Note that in the above manufacturing method, a method is described in which a particle-containing layer forming composition is applied to form a particle-containing layer in the particle-containing layer forming step, but the method for forming a particle-containing layer is not limited to the above embodiment. , a known method can be used. For example, a method of forming an unstretched polyester film on which particle-containing layers are laminated by coextrusion molding may be mentioned.

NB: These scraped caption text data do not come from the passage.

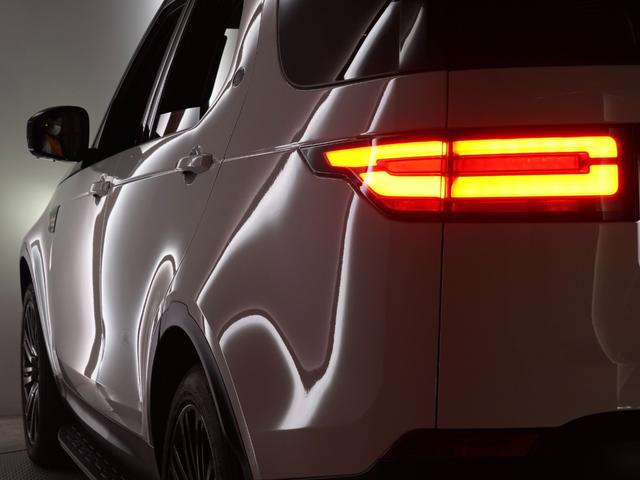 ディスカバリー ラグビーワールドカップ2019エディション 限定50台 MERIDIAN エアサス 前後シートヒーター 純正サイドステップ コールドクライメントP 全席電動シート ステアリングヒーター ブラックパック ACC LEDヘッド 黒革シート 7人乗(59枚目)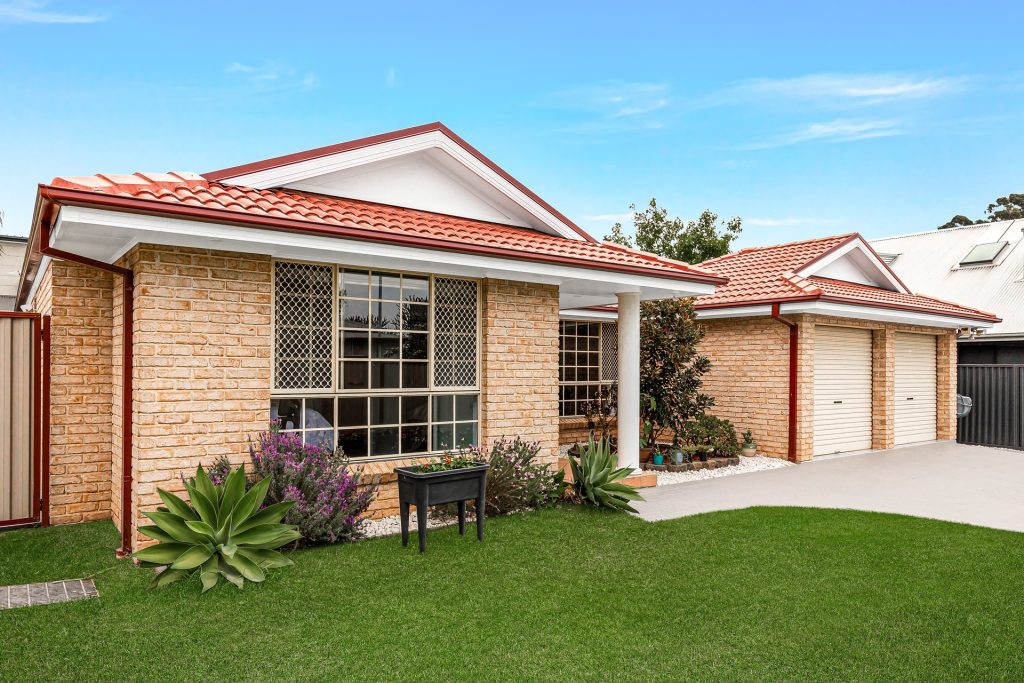 16A Carinya Road, Girraween NSW 2145 - photo 3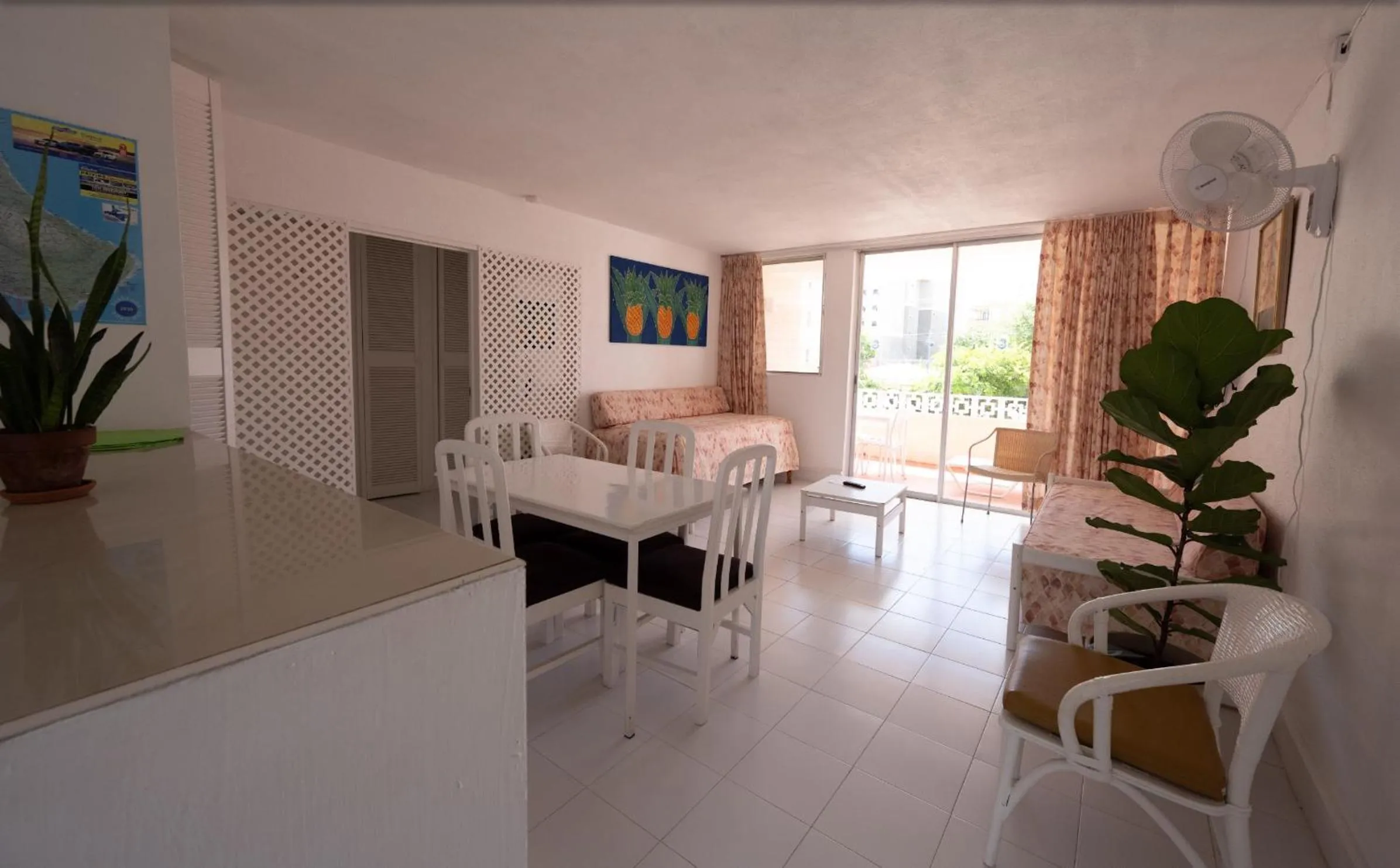 Living room in The Monteray Hotel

In particular, the method for producing a release film of the present disclosure includes:
a longitudinal stretching step of stretching an unstretched polyester film in the transport direction;
A step of applying a particle-containing layer forming composition to one side of the uniaxially stretched polyester film obtained in the longitudinal stretching step to form a particle-containing layer;
A step of applying a release layer forming composition to the other surface of the uniaxially stretched polyester film obtained in the longitudinal stretching step to form a release layer;
It is preferable to include a transverse stretching step of stretching a uniaxially stretched polyester film having a particle-containing layer and a release layer in the width direction while heating it.

[Uses of release film]
The release film is preferably a release film (carrier film) used for producing ceramic green sheets. Ceramic green sheets manufactured using the above release film can be suitably used in the manufacture of ceramic capacitors, which are required to have multilayer internal electrodes as miniaturization and capacity increases.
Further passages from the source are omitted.